On Saturday night the Spanish season opens with ‘el clásico’ but this time it is different. At 6pm at the Estadi Johan Cruyff, for the first time ever, FC Barcelona Femení will play Real Madrid – even if they are not actually called that yet. By popular demand Madrid have finally joined the women’s professional game and they make their debut in Catalonia against the team set to be their great adversaries, last season’s league and Champions League runners-up. Tickets are on sale from €5 and they anticipate a full house for a historic rivalry with an entire history still to be written, starting right there.
Officially Barcelona face Club Deportivo Tacón but their opponents will play in white; they have been preparing for this match – their first in the first division – at Real Madrid’s Valdebebas training ground, where they will also play their home games; they made galáctico signings over the summer; and they have been integrated into the structure at the Santiago Bernabéu. Soon, they will change their name too: next season, CD Tacón will be known as what they have become: Real Madrid’s women’s team.
Madrid announced a €400,000 deal to take over Tacón in June, although the move has to be ratified by the club’s assembly this month. Madrid had been under pressure to found a women’s team for some time and, while there were doubts about the best way to do so, Tacón’s promotion to the first division was an opportunity to finalise an agreement that they had been working on for some time.
Tacón’s name comes from the words trabajo (work), atrevimiento (daring/bravery), conocimiento (knowledge), organización (organisation) and notoriedad (notoriety) and spells out high heel – the logo of the club until Real Madrid’s replaces it. The club’s president, Ana Rosell, is a former player at Atlético Madrid but was both a socio (member) and a compromisario at Real Madrid – one of those chosen members with a voice and vote at the club’s assemblies. The vice-president is Sergio Ramos’s brother, René.
Tacón initially began with girls’ youth teams in 2014 but merged with Canillas, a team from the north-east of the city, in 2016. That allowed for a senior team. Rossell had first proposed collaboration with Real Madrid three years ago.
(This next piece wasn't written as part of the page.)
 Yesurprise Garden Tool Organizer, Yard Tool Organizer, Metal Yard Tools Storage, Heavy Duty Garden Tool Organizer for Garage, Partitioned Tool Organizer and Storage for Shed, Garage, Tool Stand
Madrid were also in discussions with Madrid Club de Fútbol Femenina, founded by Alfredo Ulloa, who said he had set the club up because his daughter could not play at Madrid where there were no girls’ teams. Ulloa said he was not sure about “selling” the club to Real Madrid; he would have preferred to collaborate with them.
Rosell will continue to run Tacón/Real Madrid following the €400,000 deal and the new team is expected to have a budget of around €2m – more than any side in Spain other than FC Barcelona. This summer they signed the US-English striker Chioma Ubogagu, Swedish internationals Kosovare Asllani and Sofia Jakobsson, and the Brazilian international Thaisa.
Twenty-one per cent of Real Madrid’s socios are women and demands for them to have a women’s team go back five years. Barcelona’s women’s team was founded in 1998, Atlético’s in 2001 and Athletic Club Bilbao’s in 2002. The club was unsure of the best way to found the side: president Florentino Pérez had said he favoured building a team from scratch, starting at youth level, yet he had also said on other occasions that there was little point in having a women’s team unless it was built to “win”. That idea has prevailed with the move to bring Tacón on board following their promotion and the subsequent signings.

If there could be some unease at the appropriation of a women’s team, it is a process that has been followed before – Atlético and Barcelona built their own sides, but Betis, Sevilla, Deportivo and Valencia all merged with existing clubs – and these moves were widely welcomed as raising the profile of the women’s game, which has grown enormously in recent years.
On the day the deal was announced, the sports daily Marca led on a photoshopped image depicting Real Madrid women’s players celebrating a goal in the club’s kit. “Women’s football goes into another dimension,” the headline said.
Some criticised that headline. After all, it had already come a long way and there had been other breakthroughs. Spain’s women had only narrowly been knocked out by the world champions USA in the World Cup, which was a big TV success this summer; Barcelona, who had the England striker Toni Duggan among their ranks, had reached the Champions League final; and a match between Atlético and Barcelona had attracted 60,738 to the Wanda Metropolitano. And yet few doubted that it was true: this was a significant step.

“Madrid is a monster that we were missing in women’s football, so we are all celebrating this,” said Rafa de Amo, the president of the women’s football committee at the Federation.
“We all wanted this: it will be nice to see the battles between Barcelona, Atlético and Real Madrid. It’s a great club and they’ll bet heavily on women’s football,” the Barcelona player Andrea Pereira said. Her teammate, the Spain international Mapi León, insisted: “It is good for women’s football to have Real Madrid there.”
“They’re a club with a lot of ‘pull’,” the Atlético captain, Amanda Sampedro, joked. “It’s good to have them but only if we can beat them; if not, don’t come.”